Video games have really come into their own during the pandemic. According to new research by accessories firm HyperX, more than half of 13 to 18-year-olds are using video games to stay in touch with friends during lockdown, while half of surveyed parents said they thought games were boosting their children’s mental health. Only a third, however, said games were a productive use of time.
So are video games actually good for you? We spoke to Dr Mark Griffiths, chartered psychologist at Nottingham Trent University and director of the International Gaming Research Unit, who has spent 33 years researching the effects of video games – both good and bad.

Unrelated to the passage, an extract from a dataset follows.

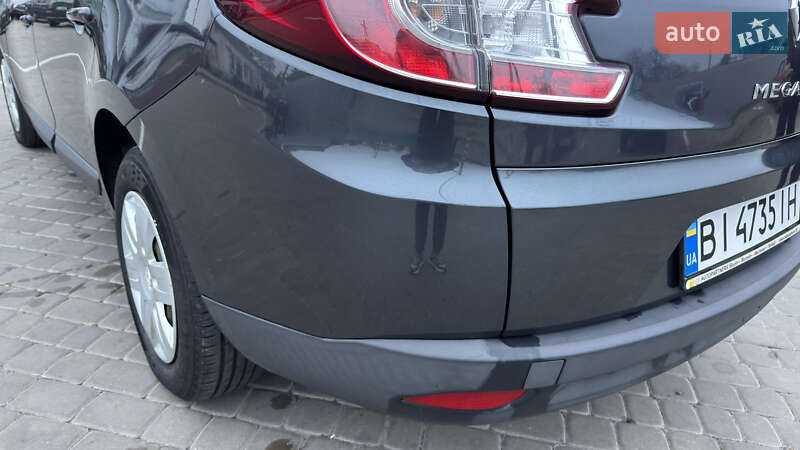 Универсал Renault Megane 2012 в Кременчуге фото 40 Универсал Renault Megane 2012 в Кременчуге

Griffiths is quick to point out that the phrase ‘video games’ is a very broad church – “you can’t typically compare Nintendogs to Call Of Duty” – but adds that, taken as a whole, games can bring “educational, social, psychomotor, cognitive and therapeutic benefits.”
A social lifeline
Today, someone can socialise with more people hunched over a computer than they could at a large, currently illegal house party. Since the days of the local arcade, gaming has been a social activity – even more so recently with a shift from traditional consoles to mass online multiplayer.
“Online gaming means playing in and against groups,” says Griffiths, “and from its inception, the social element has been a main motivating factor. The interactive, cooperative aspects of playing with a peer group are really reinforcing and rewarding for people, and clearly enhance life for non-problematic players.
“I’ve got three ‘screenagers’ myself, and my youngest has been a massive online gamer since he was 10. He’s now at university and gaming is one of the key places he interacts socially. In the context of the pandemic, that’s great for mental health.”
One stick often used to beat video games with is that they don’t teach transferable skills, but Griffiths says that’s largely false. “Even among excessive players,” he says, “study after study has shown that video games benefit psychomotor skills – that is to say their reaction times are better, so too their hand-eye coordination.”
Skills like driving and piloting are easily aided by games – “simulations do seem to carry effects over into real life” – so much so that in 2019 the US Army began targeting high-level gamers for recruitment.
Other games claim to boost creativity, and Minecraft in particular has built a reputation on an inventive open world filled with endless possibilities. “My youngest son would triple screen while playing Minecraft,” says Griffiths, “he’d play the game, while watching a YouTube video of it being played, while talking to his friends on his phone.
“I don’t know how he dealt with all three of those screens. he’d just say things like, ‘It’s not my fault I can multitask, and you can’t dad’.”
Education and therapy
Video games can have quite specific uses too. Well-designed games are so absorbing they can be used therapeutically – practically as stand-ins for painkillers.
“I’ve got four degenerative health conditions,” says Griffiths, “and the great thing about video games is that when you play them you feel next to no pain because they’re so cognitively engaging. [It has been found in cases that] if you give games to children undergoing chemotherapy, for instance, they need significantly fewer painkillers than kids doing other types of activity.”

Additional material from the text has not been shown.